El irresistible encanto del cine musical
«El cine musical es como los vinos de Jerez. Ambos tienen un pasado glorioso pero, como tendencia de consumo, nunca terminan de volver»
El cine musical es como los vinos de Jerez. Ambos tienen un pasado glorioso pero, como tendencia de consumo, nunca terminan de volver. Por eso lo mejor que podemos hacer quienes tanto los amamos es reivindicar regularmente su grandeza, a ver si en una de estas la fiebre se propaga…
Digo esto al hilo de mi reciente artículo sobre el remake de West Side Story que ha estrenado Steven Spielberg y de un par de preguntas relacionadas con el tema que me ha formulado esta semana un simpático follower en redes sociales: «¿Cree usted que estamos ante un renacer del cine musical? ¿Cuáles son sus títulos favoritos del género?».
Gracias por lanzarme el guante, estimado lector. No hay cosa que más me divierta que elaborar tops intrascendentes –en el más puro estilo del Alta fidelidad de Nick Hornby– y debatir sobre asuntos baladíes. En eso debería consistir el ocio dominical, ¿no? Pero vamos al lío…
El musical es, como he dicho antes, una joya de la cinematografía del siglo XX, que no se circunscribe exclusivamente al Hollywood en blanco y negro de los años 30, sino que también brilló en décadas posteriores e incluso en países de habla no anglosajona, desde las producciones de Bollywood hasta Los paraguas de Cherburgo (1964) o Las señoritas de Rochefort (1967) del francés Jacques Demy. Nunca lo he dado por muerto, aunque sí es cierto que ha caído un poco en el olvido en estos tiempos de dramas sicóticos y filmes de acción que asemejan videojuegos prohibidos a menores.
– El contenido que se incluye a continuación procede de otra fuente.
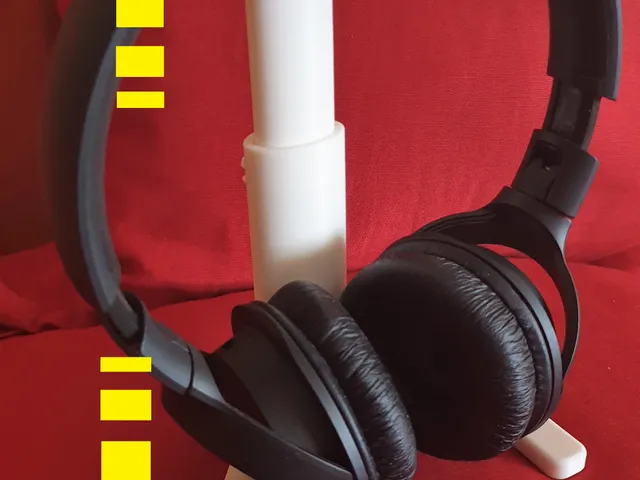 Soporte telescópico de altura variable para auriculares de diadema. Variable-height telescopic support for headphones.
Tengo un recuerdo imborrable de aquellos largometrajes musicales que integraban la programación televisiva navideña cuando era niño: Un americano en París (Vincent Minnelli, 1951), Gigi (Vincent Minnelli, 1958), My Fair Lady (George Cukor, 1964), Sonrisas y Lágrimas (Robert Wise, 1965), Oliver (Carol Reed, 1968) y, por supuesto, el West Side Story original (1961) de Robert Wise y Jerome Robbins. Todos estos títulos, por cierto, llegaron a obtener el Oscar a la Mejor Película y no son los únicos –hay cuatro más– en la historia de la Academia. Lo cual demuestra que el género siempre obtuvo el beneplácito de los espectadores y la industria supo reconocerlo en forma de premios.
Lo explicaba mi querido Juan Cobos en el monográfico de la revista trimestral Nickel Odeon publicado en invierno de 2001: «Todos esos filmes que surgieron en tiempos del New Deal tuvieron un efecto beneficioso en el público que luchaba por superar la gran depresión; por unos centavos, salían de las salas de cine con renovadas ilusiones y nuevos ímpetus».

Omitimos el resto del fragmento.